Aggressive Remediation: Embraer and JP Morgan
There is no question that the Justice Department has raised compliance program expectations in a number of areas. Whatever you may think about the efficacy or fairness of the FCPA Pilot Program, the Justice Department has committed itself to increasing transparency. That is a very good thing.
If you go back and review FCPA settlement actions from years ago, you will not find any structured analysis of the Justice Department’s settlement analysis. Of course, there are still issue where DOJ exercises discretion, and rightfully so.
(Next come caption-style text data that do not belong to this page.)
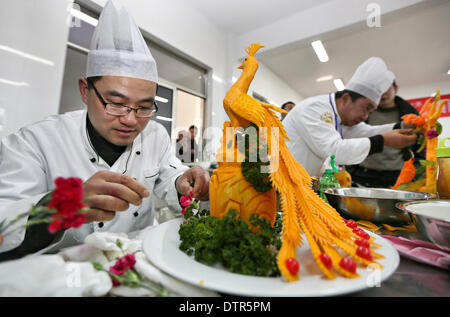 Nantong, cinese della provincia di Jiangsu. 23 feb 2014. Chef prendere parte in una frutta e verdura concorso di intaglio per la cucina cinese chef di Nantong, est cinese della provincia di Jiangsu, Feb 23, 2014. Credito: Xu Peiqin/Xinhua/Alamy Live News Foto Stock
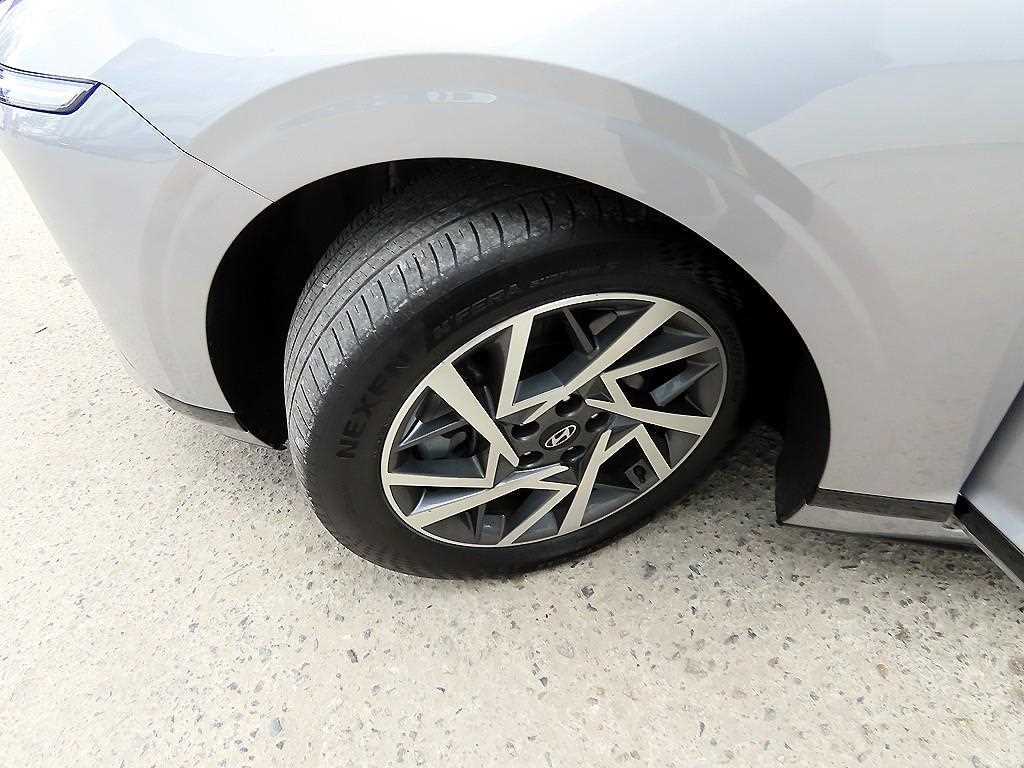 Hyundai Grandeur — photo 20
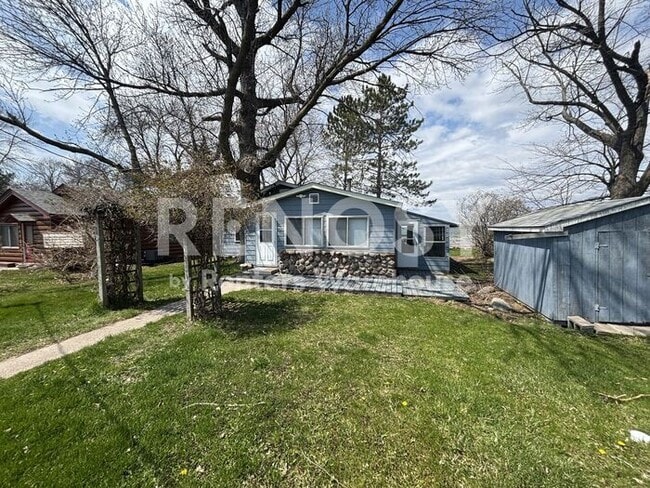 Building Photo - 3 Bedroom 1 Bath Single Family Home in Isle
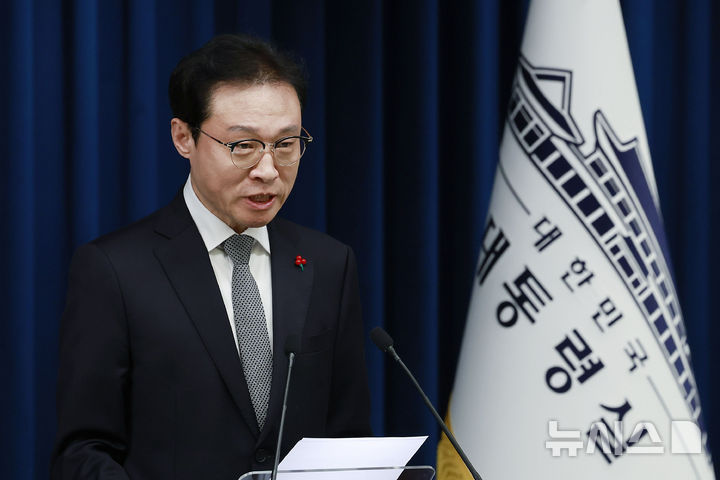 [서울=뉴시스] 최동준 기자 = 이규연 홍보소통수석이 7일 서울 용산 대통령실 청사에서 김호철 감사원장 후보자 인선 관련 브리핑을 하고 있다. 2025.12.07. photocdj@newsis.com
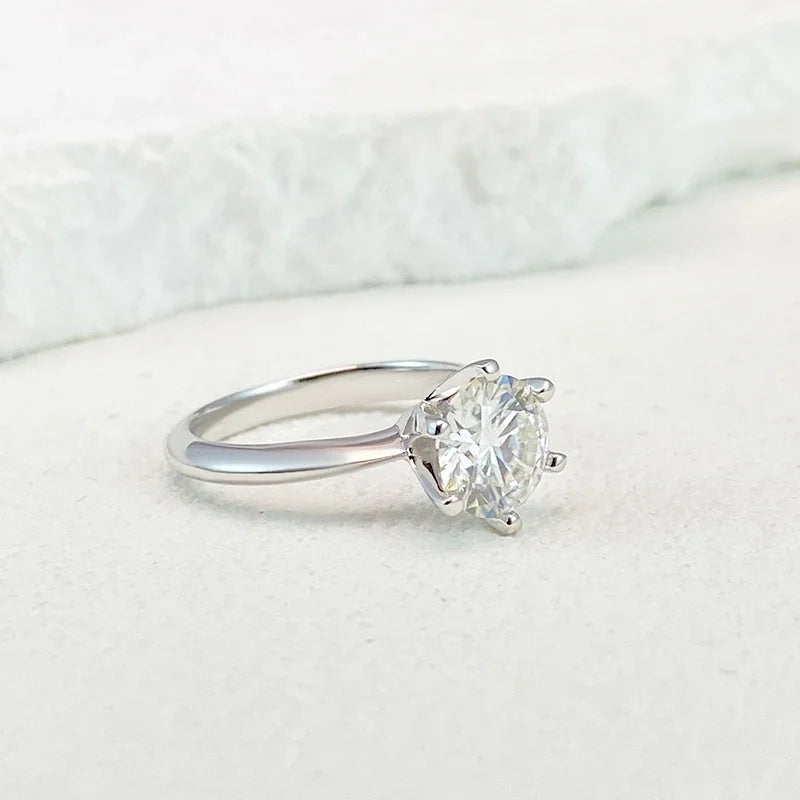 Timeless Charm - 0.5-5ct Women's Moissanite Ring MoissaRight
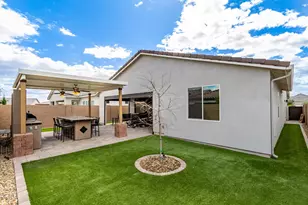 17494 W Middlebury St, Surprise, AZ 85388 - Photo 41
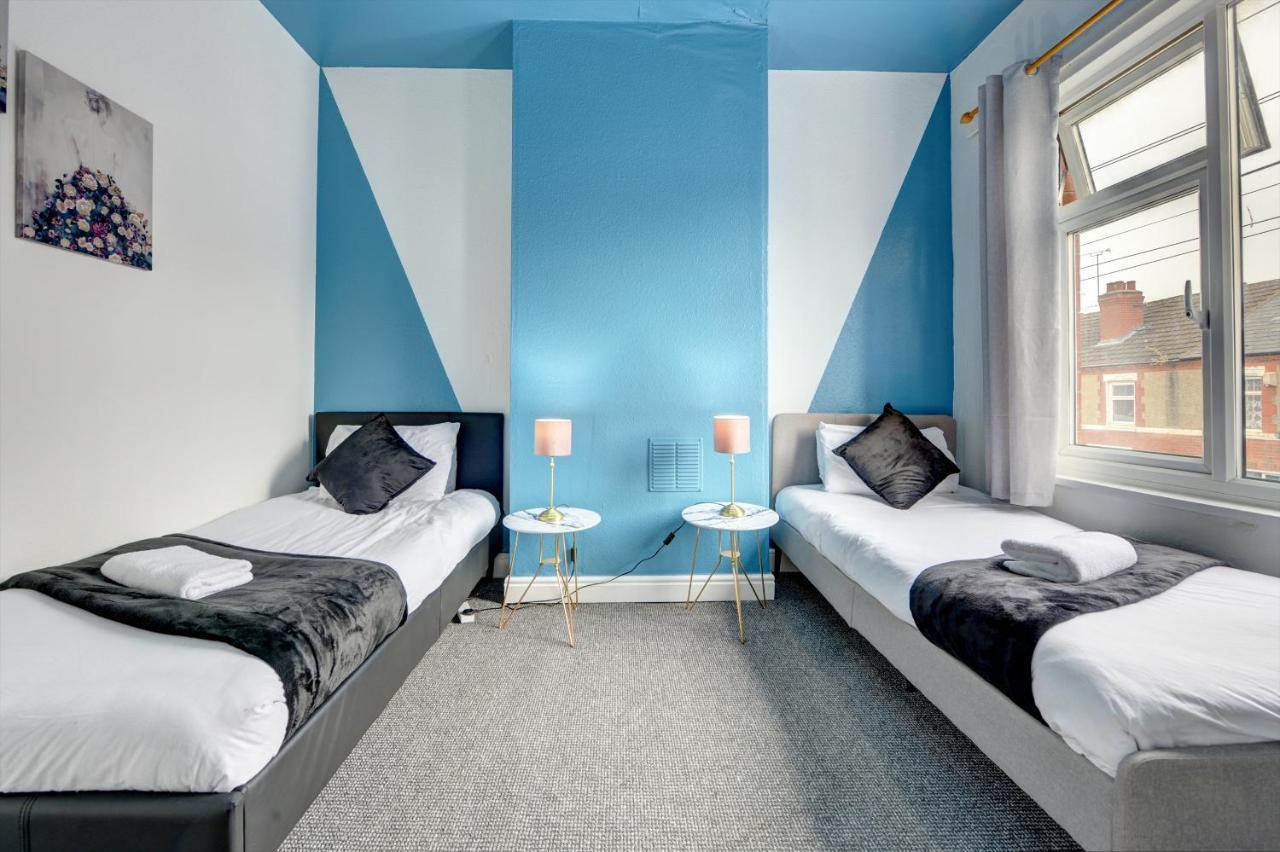 Cheerful 2 Bedroom Home, Sleeps 5 Guest Comfy, 1X Double Bed, 3X Single Beds, Free Parking, Free Wifi, Suitable For Business, Leisure Guest,Coventry, Midlands Exterior foto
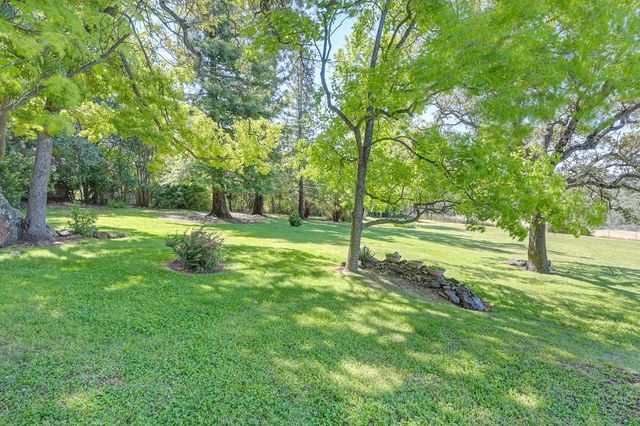 3735 Bell Rd, Auburn, CA 95603
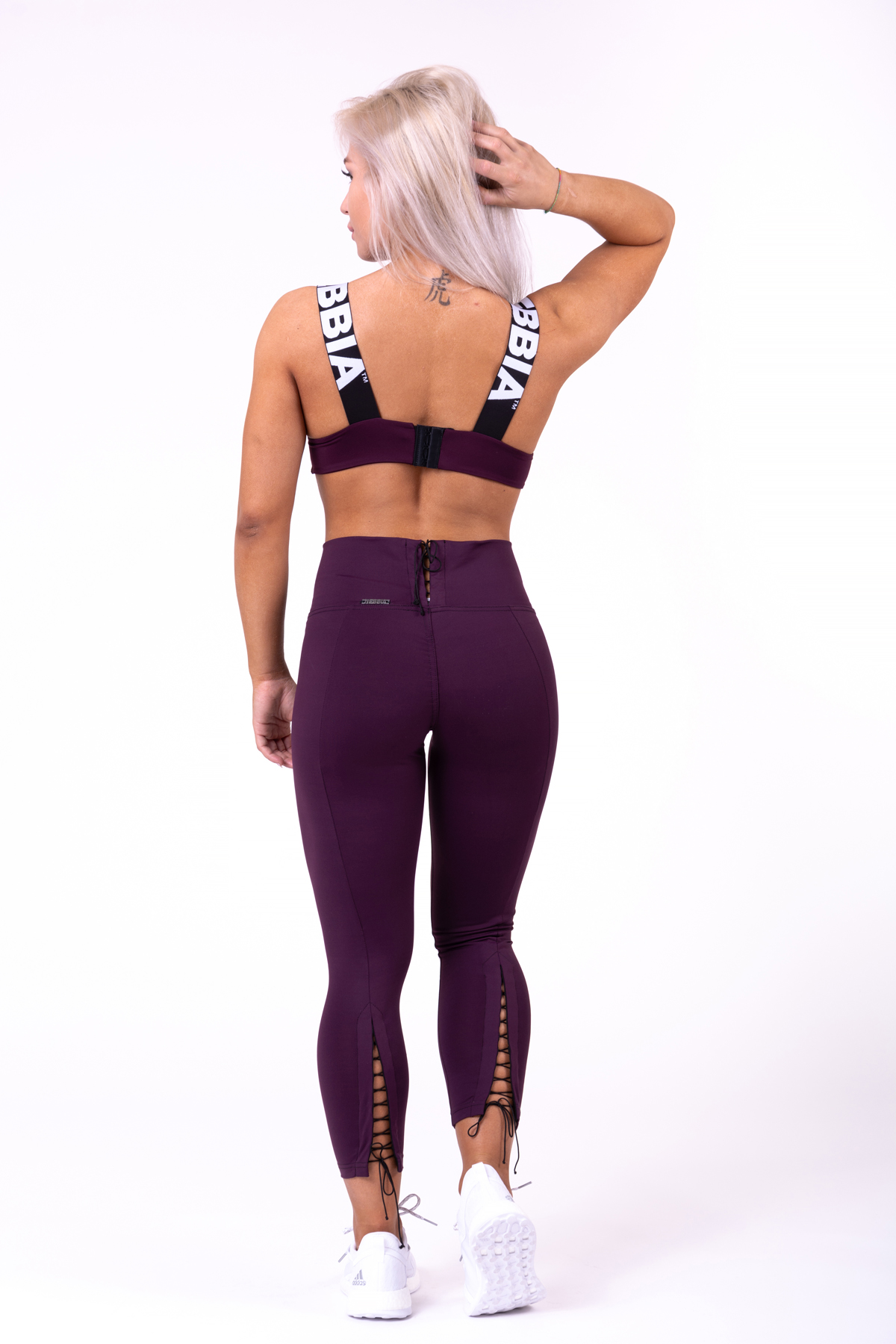 Lace-Up Sport Bra, burgundy - 18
For example, in determining the percentage discount from the lower end of the sentencing guideline range, the Justice Department weighs each of the factors: voluntary disclosure, cooperation and remediation. The weight given to each and the resolution is up to the Justice Department. Strict formulas become difficult to administer to take into account unusual or worthwhile circumstances. Each factual situation may be different and the Justice Department has to retain discretion to respond to each of those situations. Some will challenge this discretion and even suggest that it may be administered unfairly but the system is better, and after some historical experience occurs, the system may be adjusted again. For now, lets welcome the greater transparency and see how the system works.
In the compliance and remediation area, the Justice Department has blessed some harsh requirements and rewarded extraordinary responses to compliance problems.
In the Embraer enforcement action and settlement, the Justice Department concluded that Embraer implemented partial remediation – it disciplined a number of employees and executives but did not discipline a senior executive who was (at the very least” aware of bribery discussions in emails and had oversight responsibility for the employees involved in the misconduct.
Embraer paid a fine of approximately $107 million. It earned only a 20 percent discount from the bottom of the sentencing guideline range: it did not voluntarily disclose the conduct, and its compliance remediation was only partial. Embraer’s failure to discipline the one senior executive is inexplicable and cost the company millions of dollars in a further discount.
In the recently announced JP Morgan case, the Justice Department determined that JP Morgan engaged in extensive remedial measures, including: caused 5 employees to leave or resign; one employee who failed to supervise employees engaged in misconduct to leave the company; disciplined an additional 23 employees; imposed more than $18.3 million in financial sanctions.
JP Morgan adopted heightened controls related to their hiring program to ensure centralized review and approval of such requests; doubled resources assigned to compliance in Asia-Pacific; and required improved FCPA training.
JP Morgan earned a 25 percent discount from the bottom of the sentencing range and paid $72 million in penalties under the Justice Department’s non-prosecution agreement. JP Morgan did not voluntarily disclose the conduct and its cooperate fully with the investigation. JP Morgan’s aggressive compliance remediation and disciplinary actions was instrumental in earning a 25 percent discount.
DOJ’s conclusion that JP Morgan engaged in extensive remediation sets out a significant precedent for awarding benefits to other companies seeking to resolve FCPA violations. JP Morgan earned an NPA, not a DPA or a criminal guilty plea, avoided a corporate monitor and promised to submit extensive compliance reports. While the 25 percent discount was significant but not overwhelming, JP Morgan’s resolution could have been a lot worse. Extensive remediation means exactly what it sounds like – extensive remediation of compliance program deficiencies and termination and discipline actions against a broad swath of employees involved in misconduct and other who failed to supervise or act in response to known misconduct.